Autre facette de l’étude : com­ment la ville dans le jeu vidéo est jouée, vécue, simulée, ou comment construire la vie d’une ville fait partie aujourd’hui de la façon d’appréhender le domaine de l’urbain à travers plusieurs illustrations. Comme le Block by Block Project, né d’un partenariat entre l’UN-Habitat (agence de l’ONU) et Mojang (studio suédois de développement de jeux vidéo), qui vise à repenser l’organisation urbaine de quartiers défavorisés. Le jeu vidéo permet ainsi d’expérimenter des hypothèses diverses parfois fortes comme explorer des environnements extrêmes (Prey ou BioShock), ou de tester des formes de construction à partir de déchets par exemple (Fallout 4). Il peut être aussi un instrument de négociation et de débat entre parties prenantes de projets d’urbanisme à travers les programmes de type city builder. Ou même devenir un laboratoire pour la ville de demain permettant de tester des usages urbains auprès de millions de citoyens virtuels (favorisé par le développement de l’IA). Il devient aussi un prétexte pour modifier les routines et les réinventer. C’est le cas de jeux géolocalisés sur smartphone, qui invitent à pratiquer la ville autrement : modifier son parcours pour atteindre des lieux précis, s’y rendre dans des circonstances inhabituelles (une place fréquentée en journée visitée tôt le matin, par exemple).

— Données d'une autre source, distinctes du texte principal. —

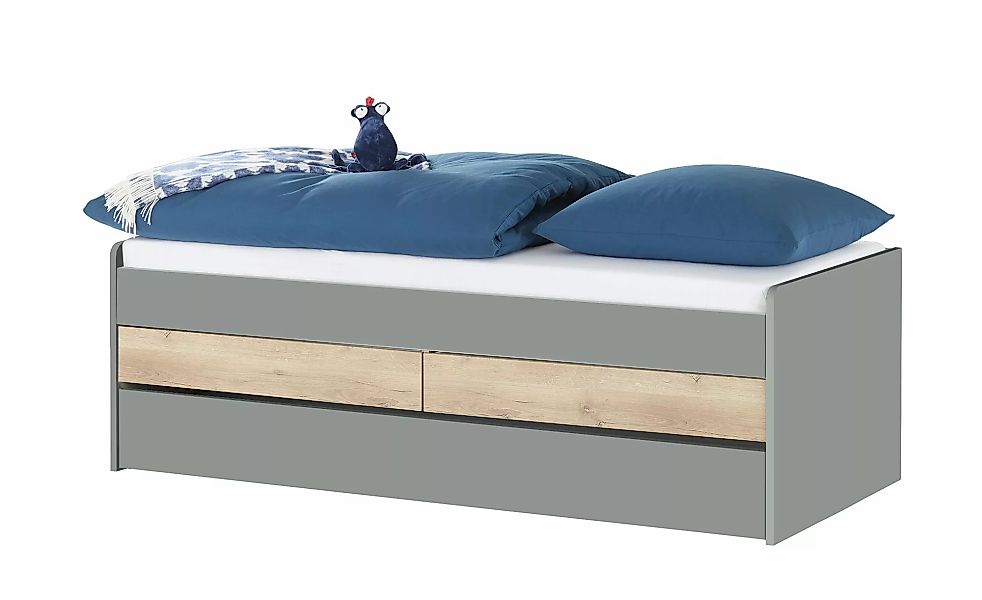 Duobett mit Stauraum  Grow Up ¦ grau ¦ Maße (cm): B: 97 H: 66 Betten > Bett günstig online kaufen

La ville de jeu vidéo est un terrain de jeu où l’urbanisme n’est pas forcément réfléchi dans sa fonction. Toujours est-il qu’elle constitue un territoire d’exploration offrant un potentiel dans différents domaines (mobilité, IA, résilience…), certains déjà identifiés. Un potentiel qui reste néanmoins encore sous-exploité comme matière pour repenser la conception et l’usage des villes. Mais qui laisse entrevoir un futur en ce sens fort des transformations et des évolutions de notre civilisation. Le jeu pourrait devenir dès lors un nudge, c’est-à-dire un levier pour transformer les pratiques des citoyens.